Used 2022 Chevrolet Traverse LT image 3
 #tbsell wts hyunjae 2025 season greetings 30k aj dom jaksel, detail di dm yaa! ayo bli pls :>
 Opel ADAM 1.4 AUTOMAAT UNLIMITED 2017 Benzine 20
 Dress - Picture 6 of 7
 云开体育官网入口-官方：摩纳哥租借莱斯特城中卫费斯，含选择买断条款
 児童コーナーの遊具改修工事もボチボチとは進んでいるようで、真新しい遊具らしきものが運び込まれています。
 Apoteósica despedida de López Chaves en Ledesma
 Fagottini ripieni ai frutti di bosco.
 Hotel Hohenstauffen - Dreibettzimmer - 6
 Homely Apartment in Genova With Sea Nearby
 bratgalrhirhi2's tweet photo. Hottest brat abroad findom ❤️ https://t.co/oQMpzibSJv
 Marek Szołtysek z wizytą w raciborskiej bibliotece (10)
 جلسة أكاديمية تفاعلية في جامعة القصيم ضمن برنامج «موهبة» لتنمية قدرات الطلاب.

::::

EXERCISE:
Repeat exactly the lines of the listing above, from the one with "Opel ADAM 1.4" down to the one with "Marek Szołtysek z"; both of those lines belong in the range.

TASK SOLUTION:
 Opel ADAM 1.4 AUTOMAAT UNLIMITED 2017 Benzine 20
 Dress - Picture 6 of 7
 云开体育官网入口-官方：摩纳哥租借莱斯特城中卫费斯，含选择买断条款
 児童コーナーの遊具改修工事もボチボチとは進んでいるようで、真新しい遊具らしきものが運び込まれています。
 Apoteósica despedida de López Chaves en Ledesma
 Fagottini ripieni ai frutti di bosco.
 Hotel Hohenstauffen - Dreibettzimmer - 6
 Homely Apartment in Genova With Sea Nearby
 bratgalrhirhi2's tweet photo. Hottest brat abroad findom ❤️ https://t.co/oQMpzibSJv
 Marek Szołtysek z wizytą w raciborskiej bibliotece (10)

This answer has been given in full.